If you have ever had a conversation with me, I'm sure you've noticed I'm not a great communicator. It's just true. I have a hard time organizing thoughts and I talk fast and mumble sometimes. I usually have plenty to say and I don't think much before things start spilling out all over the place.

So plenty of the time I feel misunderstood and honestly plenty of the time I couldn't repeat to you word for word what I just said. Not because I didn't mean it, but because I probably said it as I thought it and retain almost nothing.

I have to say, my mom and I tease sometimes about some things that she said to me in my teenage years that she said lightly or in passing but I will never forget them. Like that I,"don't have a creative bone in my body" or "if you always say no when people ask you to do things, they will stop asking you to do things." or " your make up on your face doesn't match your neck! Take a mirror outside in the sun light!"
I guess life is just like that. Some things just stick.

Last week I had a moment like that. My son and I took my mom to lunch for her birthday and I had to get up to take him to the bathroom. As I was leaving the table, my mom said something like,"when you get back make sure you finish telling me about.. Or I want to hear more about..." Whatever it was that I was talking about.

I'm so thankful that those words stuck! or that the thought stuck i guess. I just keep thinking about it. It felt really nice to be heard. It meant a lot more than I'm sure she would have thought it did, that she cared about what I had to say. That, what was going on in my life was important and worth listening to, no matter how poorly it was being communicated. I guess I'm just like everyone else. I want to be heard acknowledged and understood. At that moment it was just really nice to hear that from my momma.

I want her to know that what she says matters to me, and I am thankful that what I have to say matters to her as well <3

Love you momma <3

Peace, LSL

Monday, July 1, 2013

Big C

I was on my way to hang out with my dear friends who live in Novi this morning so I had some time in the car. One of my favorite Third Day CD's was in so I kept it on. I don't remember which song was on first, but it made me think of our time at Metro South Church. I don't mean to put down any other church band. I would not attend a church just because of it's band, BUT if I did, I'd choose Metro. E.J. and I were just saying we would really like to find a day to get to Metro soon, because we just love to worship there. I love how I can look around the room and know the hearts of the souls singing around the room. God is doing some amazing things there. Pastor Jeremy Schossau and the Dorbands and the others on staff really have a heart to reach the community and young people! Their enthusiasism is INSANE and inspiring!!!

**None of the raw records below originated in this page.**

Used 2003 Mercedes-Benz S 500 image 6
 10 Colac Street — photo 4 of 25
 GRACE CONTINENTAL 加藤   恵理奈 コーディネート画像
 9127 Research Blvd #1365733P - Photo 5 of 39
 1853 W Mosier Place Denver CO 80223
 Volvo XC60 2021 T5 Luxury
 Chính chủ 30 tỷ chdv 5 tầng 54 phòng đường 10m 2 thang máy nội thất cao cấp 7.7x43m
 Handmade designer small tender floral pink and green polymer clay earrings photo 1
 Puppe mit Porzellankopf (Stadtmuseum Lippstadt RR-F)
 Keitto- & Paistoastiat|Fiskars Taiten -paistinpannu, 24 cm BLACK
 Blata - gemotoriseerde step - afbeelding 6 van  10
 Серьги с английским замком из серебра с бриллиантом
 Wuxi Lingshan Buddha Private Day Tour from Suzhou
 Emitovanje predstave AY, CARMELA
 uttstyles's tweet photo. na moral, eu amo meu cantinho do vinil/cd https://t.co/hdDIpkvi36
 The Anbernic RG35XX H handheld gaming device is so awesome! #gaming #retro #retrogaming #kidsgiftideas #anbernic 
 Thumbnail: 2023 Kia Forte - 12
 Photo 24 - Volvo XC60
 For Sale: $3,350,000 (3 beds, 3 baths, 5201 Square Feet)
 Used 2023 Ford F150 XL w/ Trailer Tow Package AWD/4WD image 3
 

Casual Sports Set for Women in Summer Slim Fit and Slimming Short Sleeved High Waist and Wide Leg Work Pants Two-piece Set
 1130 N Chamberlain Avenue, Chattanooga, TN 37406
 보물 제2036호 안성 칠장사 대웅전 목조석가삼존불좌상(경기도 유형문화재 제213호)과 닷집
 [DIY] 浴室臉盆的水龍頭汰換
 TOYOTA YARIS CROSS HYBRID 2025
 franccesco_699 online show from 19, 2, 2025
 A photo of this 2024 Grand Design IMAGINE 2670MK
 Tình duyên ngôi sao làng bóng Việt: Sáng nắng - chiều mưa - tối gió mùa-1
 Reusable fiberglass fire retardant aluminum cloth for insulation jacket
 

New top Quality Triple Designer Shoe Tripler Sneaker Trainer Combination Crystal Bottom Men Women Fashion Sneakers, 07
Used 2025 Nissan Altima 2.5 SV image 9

As I was thinking about the Big C, God's church, I was remineded of all the beautiful things that are going on in all of the little C's we have had the pleasure of being a part of.

Bethedsa Baptist Church, in Allen Park will always feel like home because we got married there and it is the church I was mostly raised in. The people I grew up with there will always feel like family.

I am so excited about St. John's Lutheran Church in Waltz. It is the sweetest little church. It feels so naturally simplified. It's not modern, they don't have a big loud band. It has stained glass windows and is so soaked with tradition it brings me to tears almost every time I enter. It just ooses love and respect for Christ. Also, the way they pour into the lives of the children at the school is just amazing.

Last summer we had the priviledge of going to El Salvador, with Living Water International. This morning I was thinking about the team at Agua Viva. Every morning they have devotions and  sing praises to heaven in English and Spanish. It is the most beautiful sound when you can hear both at the same time! Then they go and work their pattoties off in the name of Jesus and proclaim his name EVERY DAY!

Even thinking of our dear'Journey, friends. That chruch plant wasn't around all to long but the people involved will always have a place in our hearts and I know it had it's purpose in our lives for the Kingdom. Some of the people that were there have followed their call into the city of Detroit. I know God is doing some amazing things through them as well.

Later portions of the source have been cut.